In asm, you could do it like you would in any other language. However, if you're programming for a machine with vector instructions, you can and should use them. Compilers will usually do this for you, but in asm you have to do it yourself.
Since the main reason for writing code in asm is high performance, let's consider some of the issues:
Without vector instructions, it might or might not be a good idea to use a conditional-move to do the usual x=max(x, a[i])
. cmov
would introduce a loop-carried dependency, which might hurt performance more than the occasional branch mispredict. (google for more about this).
Branch mispredicts are probably not frequent when finding the max, unless your values are noisy but on average increasing. (e.g. a new max is seen every 1 to 10 elements would be near worst-case.) Otherwise, you probably tend to go for a long time either always seeing a new max or never seeing a new max.
x86 has vector min/max instructions that work like a cmp/cmov on a per-element basis.

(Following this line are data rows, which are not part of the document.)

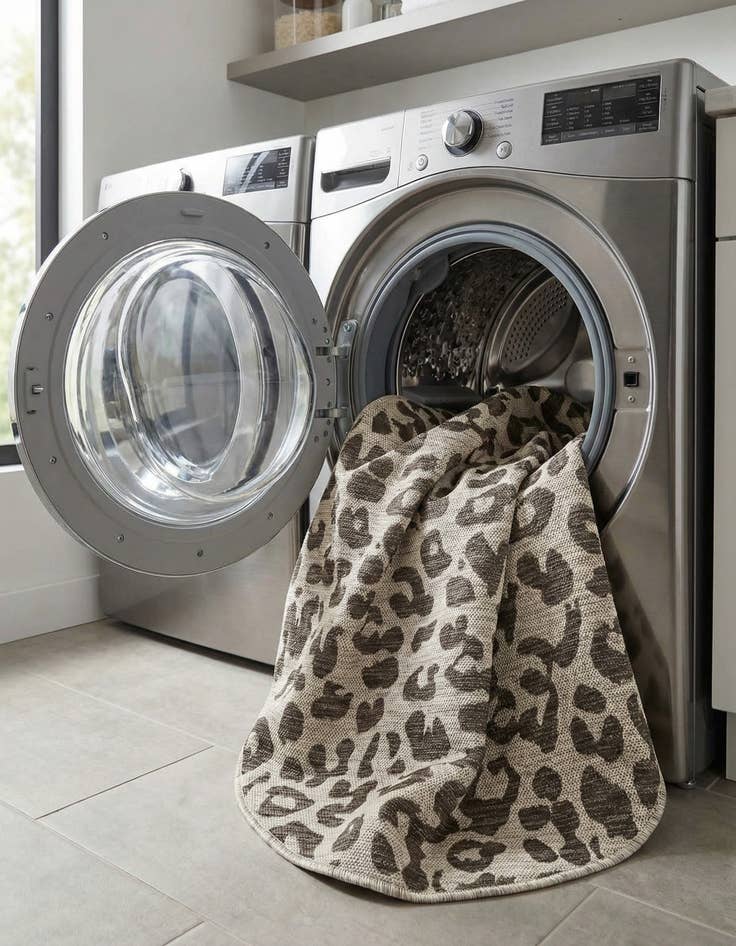 Detail image of  5' 3 x 5' 3  Washable Safari Indoor / Outdoor Round Rug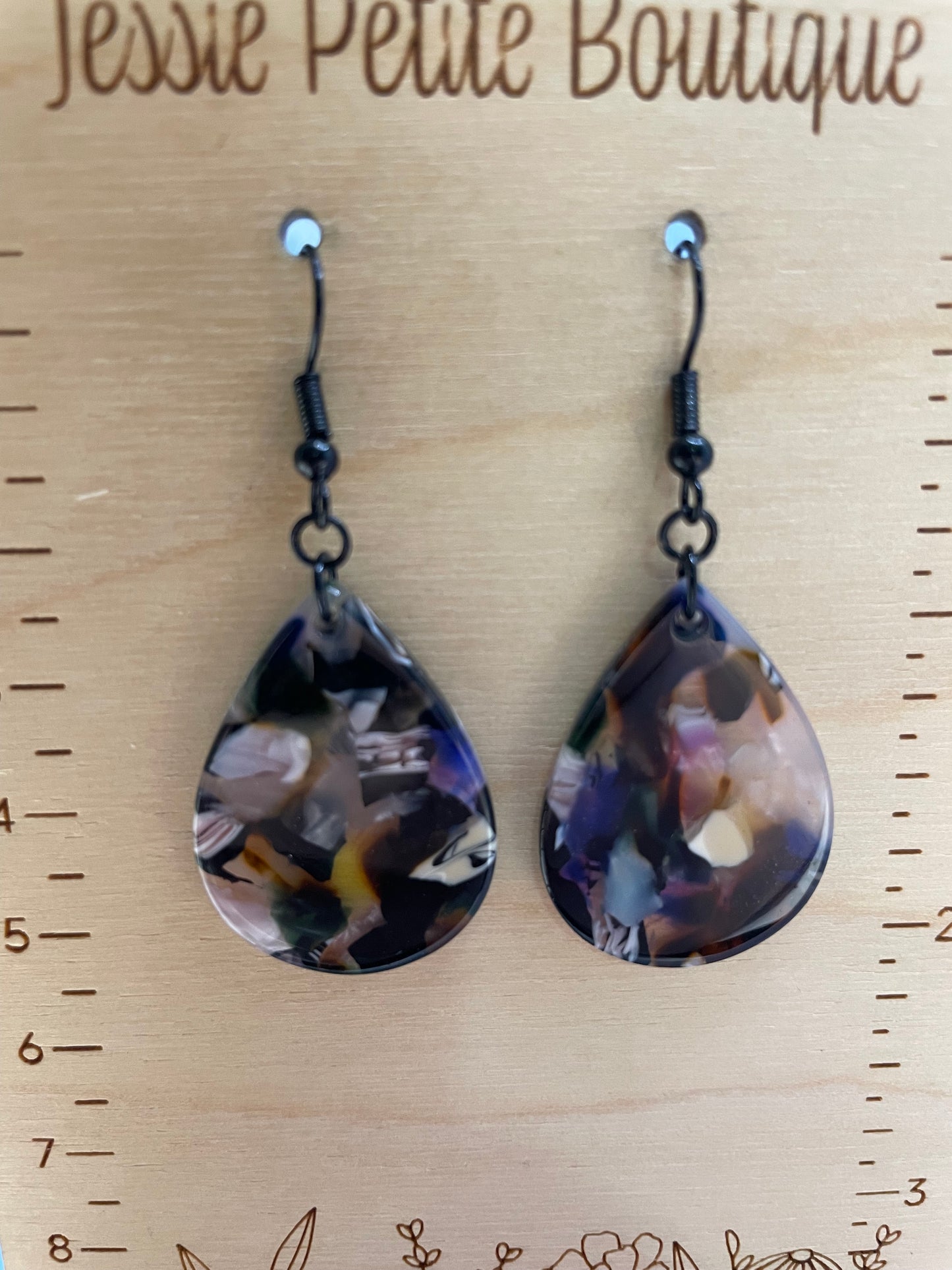 Boucles d'oreilles goutte acrylique multicolore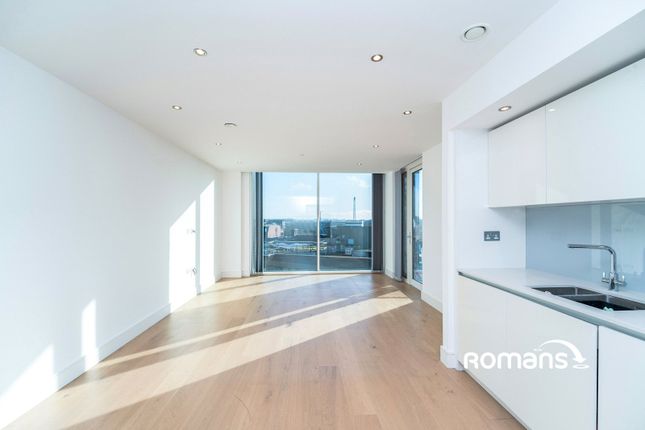 Flat 24, Fitzroy Court, 2, Garnet Place, West Drayton photo 3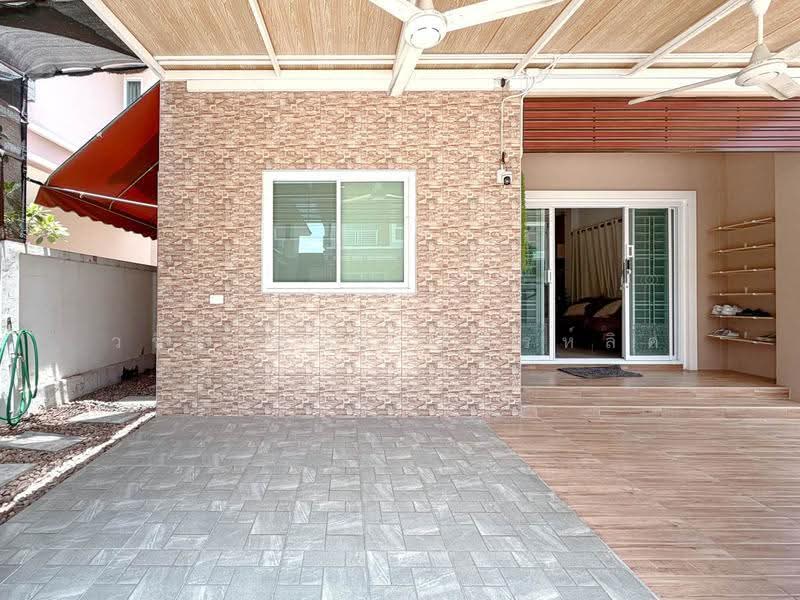 Urgent sale Fully Furnished 4bed Corner Unit at Nongprue, Chon Buri (Pattaya), Nong Pru, Bang Lamung (Pattaya), Chon Buri (Pattaya), 4 Bedrooms, 162 sqm, Single Detached House For Sale, by วชิราพันธ์ โฟรห์ลิค, 500622531 - DDproperty.com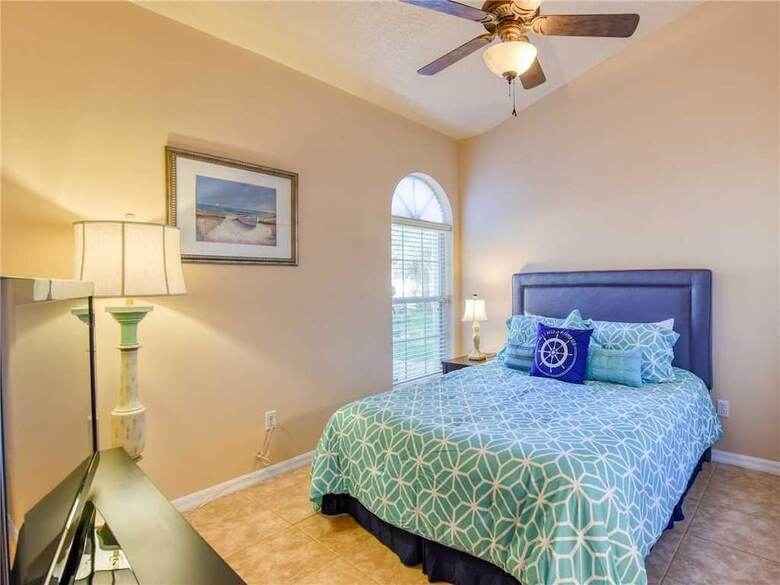 Splashing Dolphins - Three Bedroom Home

So if your array is made up of 32bit signed integers, you could use start by loading the first 4 elements into a vector register (say xmm0
), then use add rsi, 16 / PMAXSD xmm0, [rsi]
inside a loop to do 4 packed x=max(x,src)
operations. PMAXSD
in English is: Packed(integer) Max of Signed DWord elements. See the links in the x86 wiki for reference guides. PMAXSD
is part of SSE4.1, so it's only supported on CPUs with that feature-bit.
If your array was made up of uint8_t
elements, you'd use PMINUB
(Packed(int) Min of Unsigned Byte elements). PMIN/MAXUB
and PMIN/MAXSW
are in SSE2, so they're baseline for x86-64 (and for x86-32 on OSes which require new enough hardware with SSE2 support).
After looping over the array (maybe using PALIGNR or PSRLDQ to handle the last non-multiple-of-16B bit of the array), you'll have 4 elements in your accumulator vector. Each one is the max of every 4th element, for four different offsets. To get the overal max, you need to horizontally find the max element in the vector. Do this by shuffling it (e.g. byte-shifting it right, so the high two elements move to the position of the low two elements), then and comparing it using PMAXSD
against the un-shuffled value. Then repeat the process, to get the max of the last two elements.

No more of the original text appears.